In full
"We should be using AI" is not a strategy. For a 20-person fintech it is usually a distraction dressed as ambition. The firms that get value from AI are not the ones that bolt a chatbot onto the homepage. They are the ones that find the three workflows quietly costing them a salary a year and let software take the repetitive 80% while people keep the judgement. Here is how to find those workflows, and how to add AI without inheriting a compliance problem.
Start with the cost, not the technology
The wrong first question is "where can we use AI?" The right one is "where are we paying skilled people to do unskilled work?" In a small fintech the answer is almost always the same handful of places: reading documents and typing their contents into a system, deciding which queue a request belongs in, and chasing the same five exceptions every day.
Those tasks share a profile. They are high volume, low variation, and they sit between two systems that do not talk to each other. That profile, not the word "AI", is what tells you there is value to capture.
If a task is high volume, low variation, and sits between two systems, it is a candidate. If it needs real judgement, it is not.
The three workflows worth automating first
1. Document intake and extraction
Someone receives a PDF, reads it, and types six fields into your platform. They do this hundreds of times a month. An extraction pipeline reads the document, pulls the fields, reports a confidence score per field, and routes anything uncertain to a person. The person now reviews exceptions instead of typing everything. The same headcount processes several times the volume.
2. Triage and routing
Incoming requests need to be sorted before anyone can act on them. A classification step does this in milliseconds, tags each item, and sends it to the right queue. Misroutes drop, response times fall, and your most experienced people stop spending their morning sorting the post.
3. Drafting the first version
Status updates, standard responses, summaries of long threads. AI drafts; a person edits and approves. The blank page disappears, and the human spends their time on the judgement call of whether the draft is right, not on assembling it from nothing.

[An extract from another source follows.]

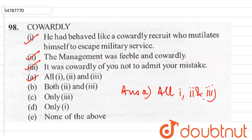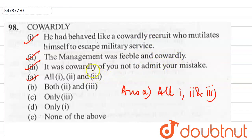We can see that cowardly means lacking courage. The cowardly recruit from military service illustrates this. The management being cowardly also shows it correctly. And anyone who does not admit their mistake can also be called cowardly. All three sentences use the word cowardly in the right way.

The guardrails that make it safe in a regulated firm
A fintech does not get to "move fast and break things." POPIA in South Africa and FCA rules in the UK mean a careless integration is not a bug, it is a reportable event. Three guardrails are non-negotiable, and they cost very little if you build them in from day one rather than retrofitting them after an audit.
- Data boundary. Customer data does not leave your compliance perimeter to reach a model. You choose a deployment where the data stays inside the boundary you can evidence.
- Human in the loop on regulated decisions. AI can read, sort, and draft. It does not autonomously make a decision that affects a customer's money or rights. A person signs off.
- An audit trail on every action. What the system did, what it read, and what it decided, written somewhere immutable. If you cannot show it, you cannot defend it.
What to ignore, for now
The same discipline says no to most of what gets pitched. A 20-person fintech does not need to fine-tune its own model, build an agent that acts without supervision, or put a generative chatbot in front of customers making financial decisions. Those are not wrong forever. They are wrong as a first move, because they carry the most risk and the least certain return.
AI integration for a small fintech is not a moonshot, it is housekeeping with leverage. Find the high-volume, low-variation tasks sitting between your systems. Automate the repetitive 80% and keep humans on the judgement. Build the data boundary, the human sign-off, and the audit trail in from the start. Ignore the rest until these are paying for themselves.
Done this way, AI stops being a line item you feel guilty about not using and becomes what it should be: quiet leverage on the work you already do.